START Records supplied

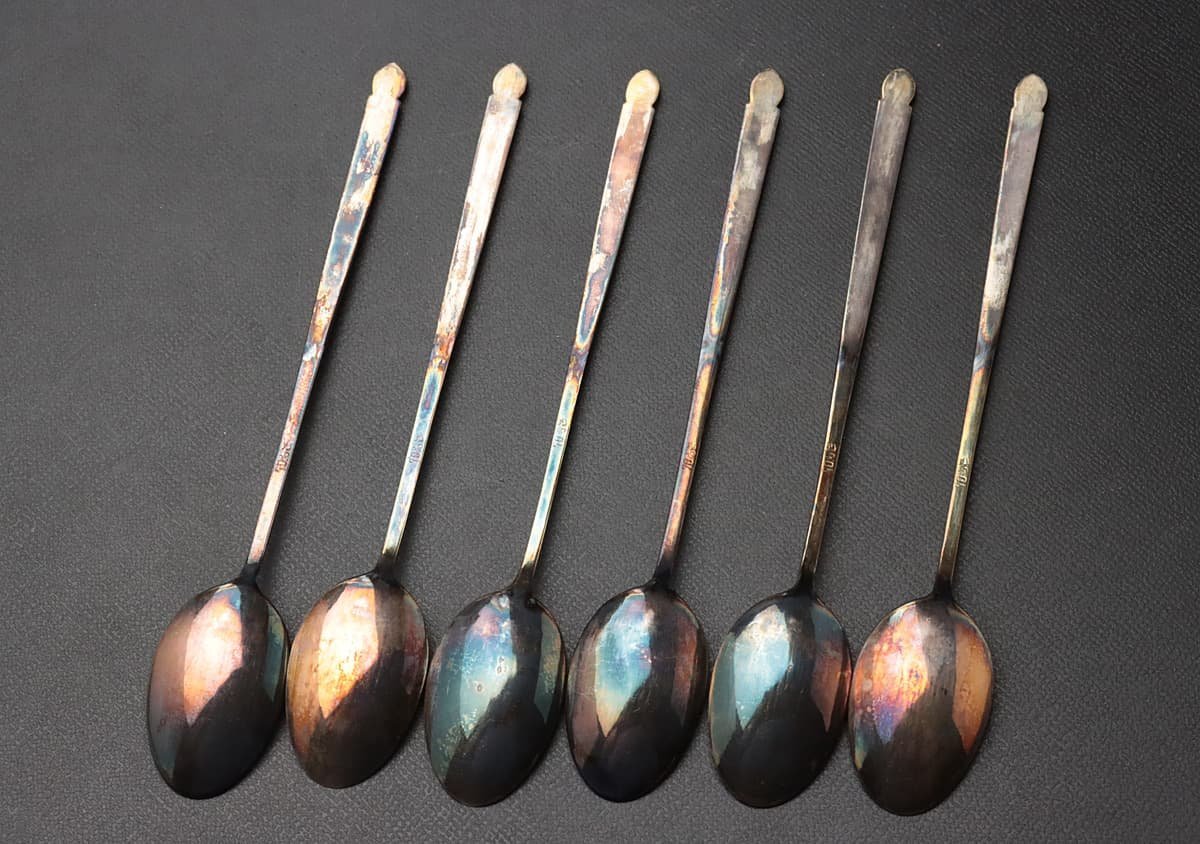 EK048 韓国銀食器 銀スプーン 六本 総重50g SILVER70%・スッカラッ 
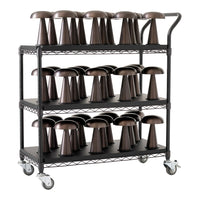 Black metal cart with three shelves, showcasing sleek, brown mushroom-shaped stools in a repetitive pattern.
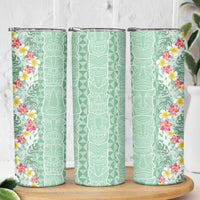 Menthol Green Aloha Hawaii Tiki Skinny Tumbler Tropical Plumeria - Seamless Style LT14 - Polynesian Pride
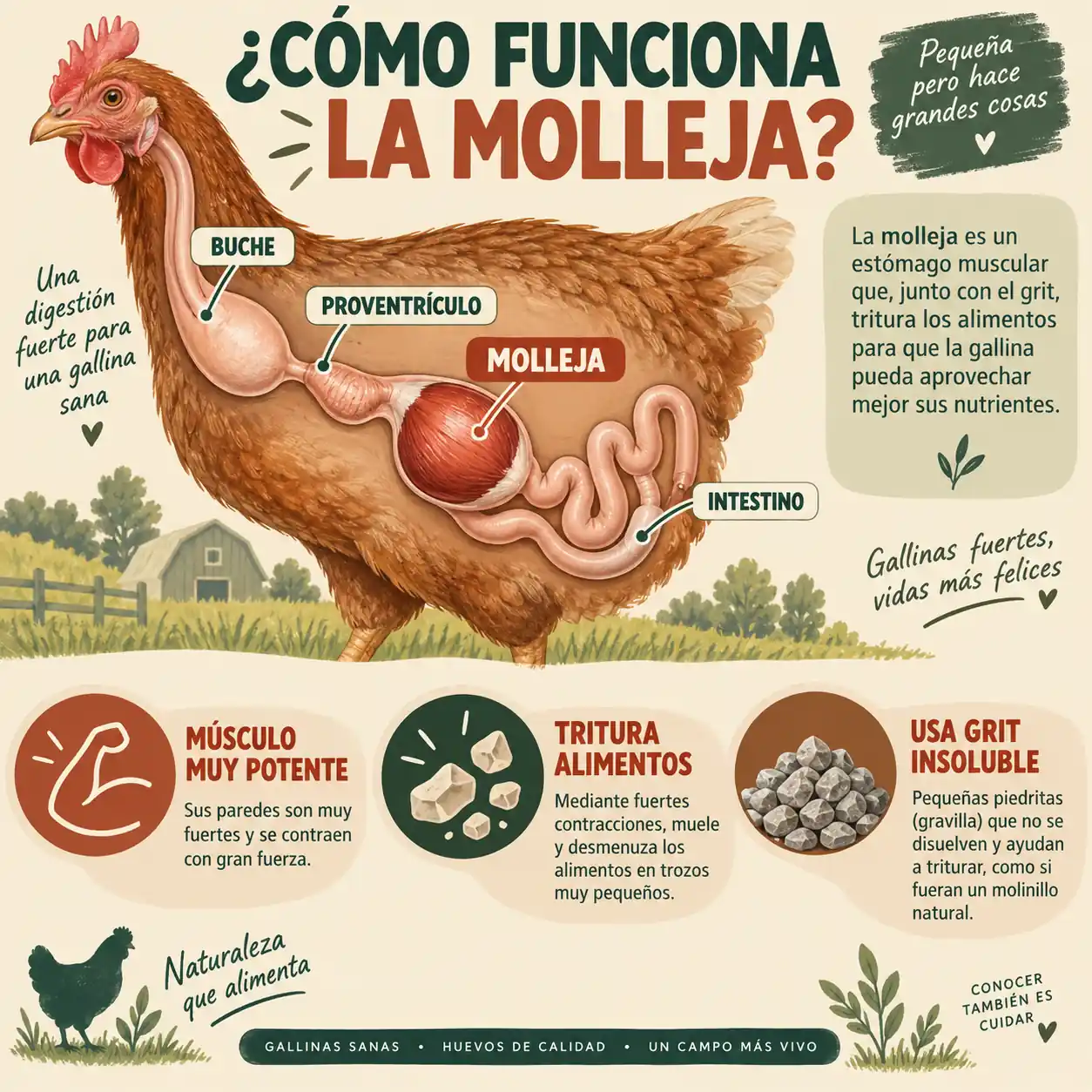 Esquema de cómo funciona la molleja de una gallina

END Records supplied
START Records supplied

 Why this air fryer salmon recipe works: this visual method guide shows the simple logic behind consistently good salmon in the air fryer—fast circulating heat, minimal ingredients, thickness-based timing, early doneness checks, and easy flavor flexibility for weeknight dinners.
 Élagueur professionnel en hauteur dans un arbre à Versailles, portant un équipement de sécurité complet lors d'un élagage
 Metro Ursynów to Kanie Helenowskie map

END Records supplied

• _What is expected_:
All lines in the listing above from the line containing "Why this air" to the line containing "Metro Ursynów to Kanie Helenowskie map", inclusive, should be retyped exactly; no other lines should appear.

• _Exercise result_:
 Why this air fryer salmon recipe works: this visual method guide shows the simple logic behind consistently good salmon in the air fryer—fast circulating heat, minimal ingredients, thickness-based timing, early doneness checks, and easy flavor flexibility for weeknight dinners.
 Élagueur professionnel en hauteur dans un arbre à Versailles, portant un équipement de sécurité complet lors d'un élagage
 Metro Ursynów to Kanie Helenowskie map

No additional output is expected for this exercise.